The 70+ still wines in this report represent a beautiful spectrum. Some come from wineries that specialize in sparkling wine and have branched out into still wine production, like Gusbourne, for instance, whose first still Chardonnay dates to the 2011 vintage and first still red Pinot Noir dates to 2013. There are also wineries that focus on still wines, like Oastbrook in East Sussex, Danbury Ridge and Missing Gate (the latter two in Essex, but more on that later). The fact that still wines do not require years of lees-aging, a process that requires deep pockets to survive years without cashflow from sales, allows younger, independent winemakers to have a go as micro-négociants. Chris Wilson makes wines in a tiny windmill in Cambridge under his Gutter & Stars label (the literary-minded among you will smile at the allusion). Lynsey and Sergio Verrillo at Blackbook Winery produce their wines in a winery tucked under some railway arches in Battersea, London. Regionally, the wines come from as far west as Cornwall and as far north as Norfolk.

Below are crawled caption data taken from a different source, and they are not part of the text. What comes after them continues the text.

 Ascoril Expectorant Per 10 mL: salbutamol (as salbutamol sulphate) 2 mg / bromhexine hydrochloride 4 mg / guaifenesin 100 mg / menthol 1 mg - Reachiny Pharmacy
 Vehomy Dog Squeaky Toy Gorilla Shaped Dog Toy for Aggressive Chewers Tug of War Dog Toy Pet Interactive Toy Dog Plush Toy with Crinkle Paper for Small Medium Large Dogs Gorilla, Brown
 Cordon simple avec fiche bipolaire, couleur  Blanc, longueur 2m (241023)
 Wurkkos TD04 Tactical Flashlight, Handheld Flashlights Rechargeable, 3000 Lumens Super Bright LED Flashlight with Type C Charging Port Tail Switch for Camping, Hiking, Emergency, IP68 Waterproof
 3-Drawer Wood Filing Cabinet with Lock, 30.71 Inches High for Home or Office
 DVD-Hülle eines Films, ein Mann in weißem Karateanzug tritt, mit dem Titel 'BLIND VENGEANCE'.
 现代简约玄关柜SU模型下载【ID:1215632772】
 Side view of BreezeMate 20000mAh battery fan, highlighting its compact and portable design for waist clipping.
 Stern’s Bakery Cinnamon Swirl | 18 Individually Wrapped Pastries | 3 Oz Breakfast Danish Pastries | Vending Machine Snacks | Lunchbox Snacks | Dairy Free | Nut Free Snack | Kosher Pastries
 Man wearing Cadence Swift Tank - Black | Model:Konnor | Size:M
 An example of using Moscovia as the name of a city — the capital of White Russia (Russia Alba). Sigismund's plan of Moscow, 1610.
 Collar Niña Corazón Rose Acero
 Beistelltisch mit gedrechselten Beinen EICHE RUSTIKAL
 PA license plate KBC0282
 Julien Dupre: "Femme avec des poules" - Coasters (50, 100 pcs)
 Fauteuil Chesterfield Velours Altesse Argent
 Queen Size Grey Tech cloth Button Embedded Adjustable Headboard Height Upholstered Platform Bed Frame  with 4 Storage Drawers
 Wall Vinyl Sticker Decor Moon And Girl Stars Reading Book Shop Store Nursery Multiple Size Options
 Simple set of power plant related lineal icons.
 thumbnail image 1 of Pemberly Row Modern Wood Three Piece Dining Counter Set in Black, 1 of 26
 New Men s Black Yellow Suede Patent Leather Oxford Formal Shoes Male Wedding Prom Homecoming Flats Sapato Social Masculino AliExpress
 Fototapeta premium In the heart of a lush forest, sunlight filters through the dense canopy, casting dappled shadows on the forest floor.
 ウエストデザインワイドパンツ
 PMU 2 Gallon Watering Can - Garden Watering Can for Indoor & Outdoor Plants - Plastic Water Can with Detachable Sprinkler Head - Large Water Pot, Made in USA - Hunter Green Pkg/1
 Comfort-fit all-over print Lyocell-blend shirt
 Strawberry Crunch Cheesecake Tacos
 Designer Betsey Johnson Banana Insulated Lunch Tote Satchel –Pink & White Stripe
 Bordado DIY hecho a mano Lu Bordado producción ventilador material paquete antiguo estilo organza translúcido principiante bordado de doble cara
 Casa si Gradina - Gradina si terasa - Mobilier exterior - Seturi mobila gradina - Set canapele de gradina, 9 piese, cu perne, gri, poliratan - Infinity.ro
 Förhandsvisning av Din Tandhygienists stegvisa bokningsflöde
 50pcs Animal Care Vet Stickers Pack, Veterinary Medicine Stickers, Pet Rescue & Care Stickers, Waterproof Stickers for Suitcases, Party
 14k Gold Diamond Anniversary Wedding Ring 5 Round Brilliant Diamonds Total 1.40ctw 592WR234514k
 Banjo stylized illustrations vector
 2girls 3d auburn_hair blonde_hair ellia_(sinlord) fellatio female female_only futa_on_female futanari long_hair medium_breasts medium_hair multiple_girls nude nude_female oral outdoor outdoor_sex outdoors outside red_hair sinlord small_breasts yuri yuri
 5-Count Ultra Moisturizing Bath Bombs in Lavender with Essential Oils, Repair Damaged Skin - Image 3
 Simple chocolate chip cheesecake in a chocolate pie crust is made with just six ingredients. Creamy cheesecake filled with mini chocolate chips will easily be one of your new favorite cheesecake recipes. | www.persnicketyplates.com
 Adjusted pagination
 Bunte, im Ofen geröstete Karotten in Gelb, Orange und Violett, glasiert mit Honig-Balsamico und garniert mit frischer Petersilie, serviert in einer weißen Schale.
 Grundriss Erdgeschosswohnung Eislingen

Liam Idzikowski, winemaker at Danbury Ridge, in his state-of-the art and artfully lit barrel room.

Eldorado Essex

Thirty-eight percent of the still wines tasted in this report contain fruit grown in the eastern county of Essex, while 32% were made exclusively from Essex-grown fruit. Why Essex, of all counties, should be deemed the new Eldorado of English still wines comes as a surprise to many. After all, this county extending from the less glamorous eastern fringes of London all the way to the North Sea suffers, both deservedly and undeservedly, from a rather poor reputation. My colleague Neal Martin, an Essex boy himself, aptly and humorously sketched his home county’s image in his portrait of Danbury Ridge. But Essex holds excellent cards when it comes to still wine: it is on the dry east coast of England—readers who love gardening may be familiar with Beth Chatto’s famous dry garden near Colchester. Not only is Essex drier than much of England, it is also sunnier and, what’s more, has clay in the soils. The best sites have rather special smectite clay with excellent shrink-swell potential. While this rings alarm bells for construction, it is brilliant for giving just enough but never too much water to vines, creating just the kind of positive stress a vine needs to channel its best energies into ripening grapes, whether the season is wet or dry. These characteristics make Essex very much still rather than sparkling wine country. It is here that US-based fine wine conglomerate Jackson Family Wines bought land to make still wines, the company’s first foray into England. One contract winemaking facility, or custom crush pad, opened in late 2024 just across the Suffolk border to cater to East Anglian growers, while another facility, in the Crouch Valley of Essex where most vineyards are, is set to open later this year. Such investment would simply not occur if there weren’t so much promise.

The Stars

Undoubtedly, the two still wine stars are Chardonnay and Pinot Noir. With a track record of excelling in cool and marginal climes the world over, these two chameleons shine in England. Chardonnay and Pinot Noir are what make me excited for still English wine. Chardonnay, while sometimes made in easy, juicy, fruity styles, has all the potential to yield wines of brightness, cut and tension, which will become even more obvious with vine age. Pinot Noir, in its own inimitable way, once again vindicates the idealists, the dreamers, the optimists with its beautiful expressions of England. A lot of Pinot Noir is grown in places that are getting very warm; in England, that is not the case. Here, you can still taste its climatic marginality in cooler years like 2021 or 2023. These vintages are where Pinot Noir shows us an inherent, innate part of its nature, something that is as essential as it is visceral, as vulnerable as it is triumphant, that allows those who dare to make a red wine against all odds, imbued with poetry and fragrance. Pale perhaps, and slender, but nonetheless true. In the warmer years, Pinot Noir beguiles with its silkiness and perfume. What promise!

I tasted the wines in this report in late 2024 in England.